Prolongation des heures de séances en juin
Depuis l’établissement, en 1982, d’un calendrier fixe de la Chambre des communes, le Règlement permet de prolonger les heures de séance au cours des 10 derniers jours de séance en juin110. La Chambre n’a fait qu’officialiser une pratique de longue date par laquelle, avant une prorogation du Parlement ou l’ajournement pour l’été, elle prolongeait les heures de séance afin de terminer ou de faire avancer ses travaux. Cette prolongation des heures de séance se faisait le plus souvent par l’ajout d’une séance le samedi111 ; l’ouverture des séances plus tôt dans la journée pendant la semaine112 ; l’ajout de séances les soirs où il n’était pas prévu que la Chambre siège113 ; ou l’omission des pauses-repas le midi et le soir114.
Pour prolonger les heures de séance en juin, un ministre doit, pendant les Affaires courantes du 10e jour de séance qui précède le 23 juin, présenter une motion115. La motion, qui n’exige pas de préavis, doit proposer de prolonger les séances jusqu’à une heure donnée, sans que cela ne s’applique nécessairement chaque jour durant cette période116, et peut faire l’objet d’un débat d’au plus deux heures avant que le Président ne mette la question aux voix117.

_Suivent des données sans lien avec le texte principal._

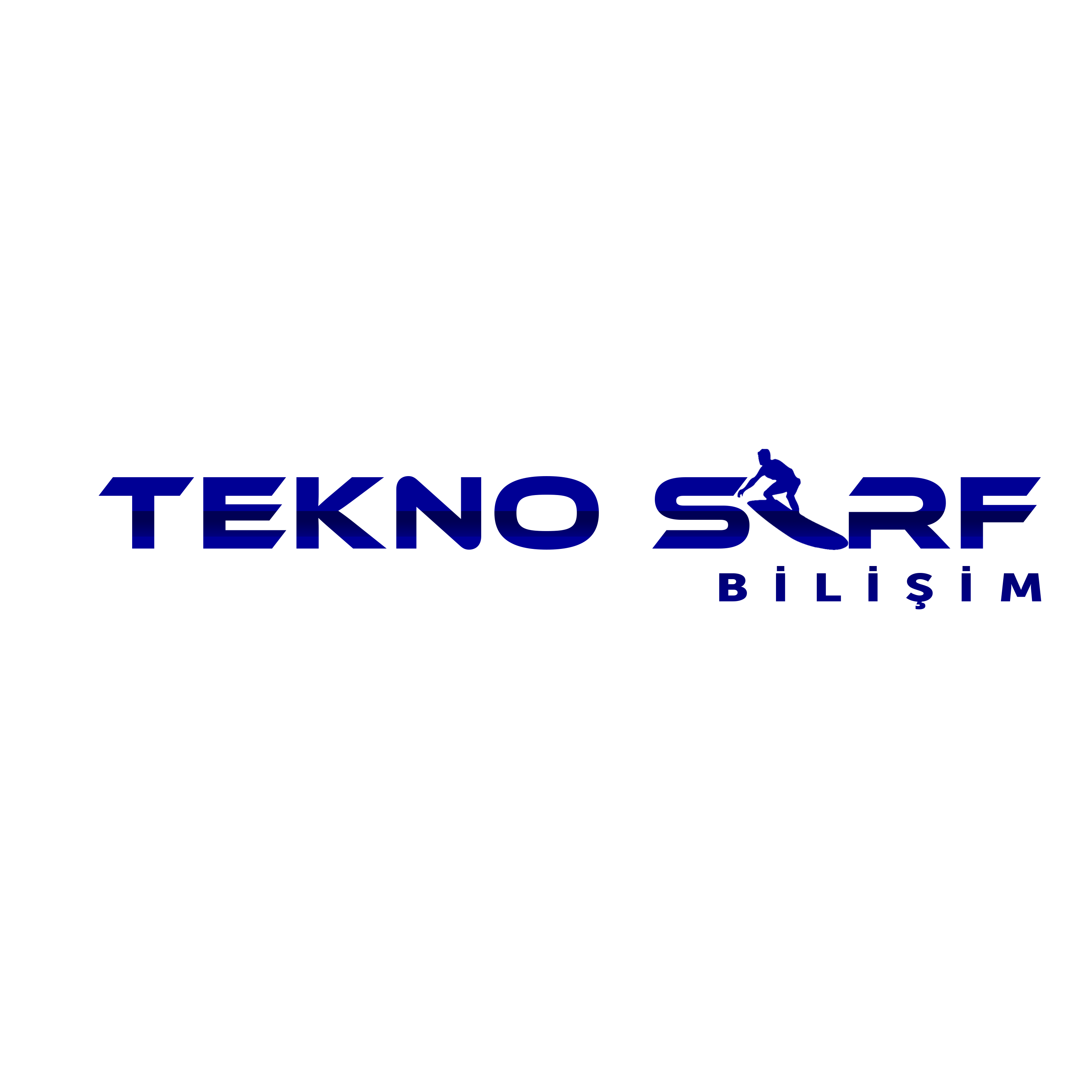 Tekno Sörf Bilişim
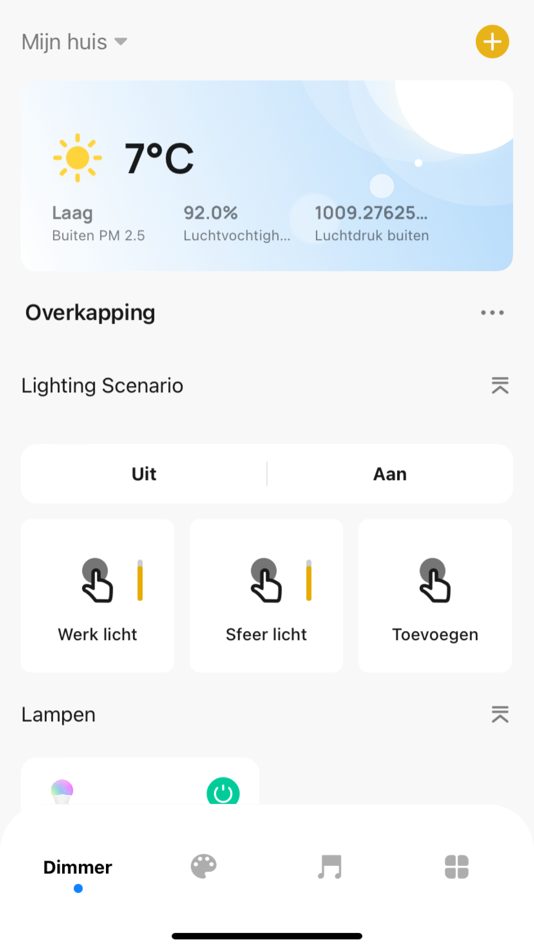 #1. Lightpro (iOS) By: Lightpro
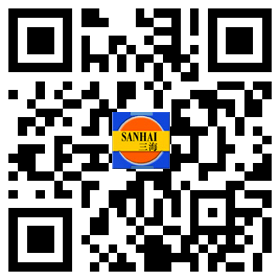 關(guān)注博盈官方微信公眾號(hào)
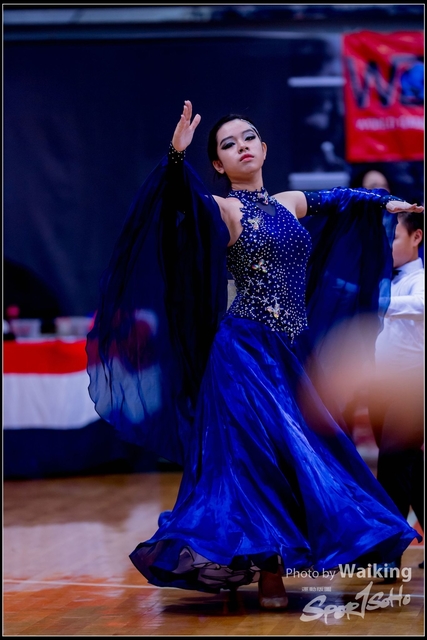2018-12-02 Dance 0028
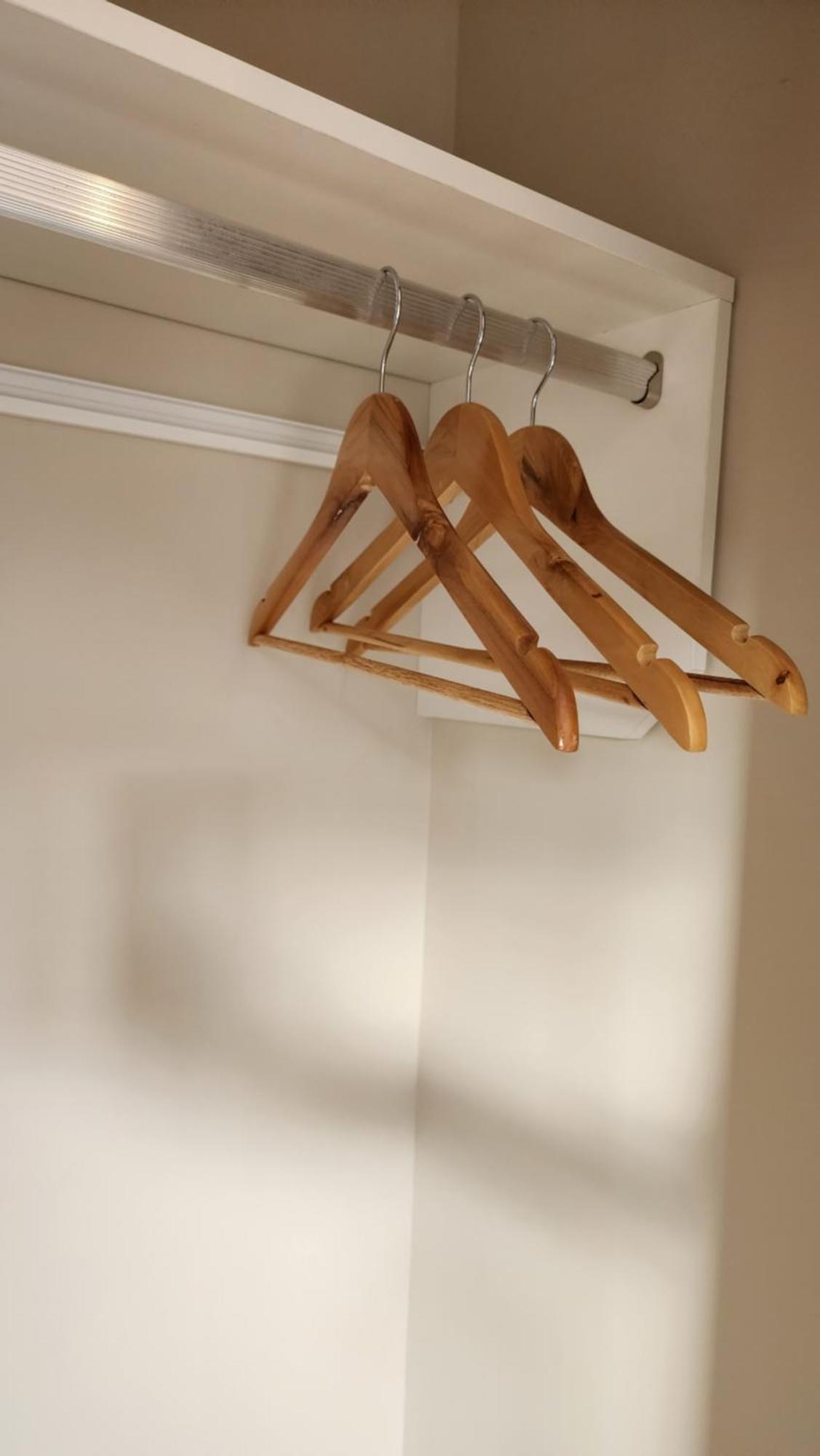 Appartement Huntington Honey à Hamilton Extérieur photo
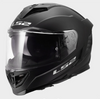 LS2 - FF818 Storm III Helmets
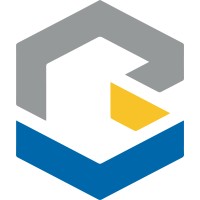 BOTECH Logo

Même si cet article du Règlement est en vigueur depuis 1982, on n’y a pas fait appel chaque année. Dans certains cas, des ordres spéciaux ont plutôt été proposés et adoptés, habituellement du consentement unanime118.
Séance de plus d’un jour
Une séance de la Chambre peut se dérouler sur plus d’un jour civil. Avant l’adoption, en 1927, d’une heure d’ajournement fixe pour chaque jour de la semaine119, les séances s’étendaient en fait souvent sur plus d’un jour120. Depuis, les séances de plus d’un jour sont devenues rares, découlant de facteurs comme le retentissement prolongé de la sonnerie d’appel121 ; la prolongation d’une séance au-delà de l’heure ordinaire de l’ajournement quotidien en vue d’étudier une affaire précise122 ; la poursuite d’un débat d’urgence ou d’un débat exploratoire au-delà de l’heure normale d’ajournement stipulée par le Règlement123 ; la décision de faire franchir à un projet de loi toutes les étapes qui restent124 ou de permettre à tous les députés qui le souhaitent de prendre la parole sur une question125 ; et la tenue de votes par appel nominal à l’étape du rapport d’un projet de loi126. À la fin d’une séance prolongée, la Chambre s’ajourne jusqu’à l’heure normale du début de la prochaine séance, qui est soit plus tard le même jour si cette heure n’a pas encore été dépassée127, ou le lendemain, si la séance s’est prolongée au-delà de ladite heure128.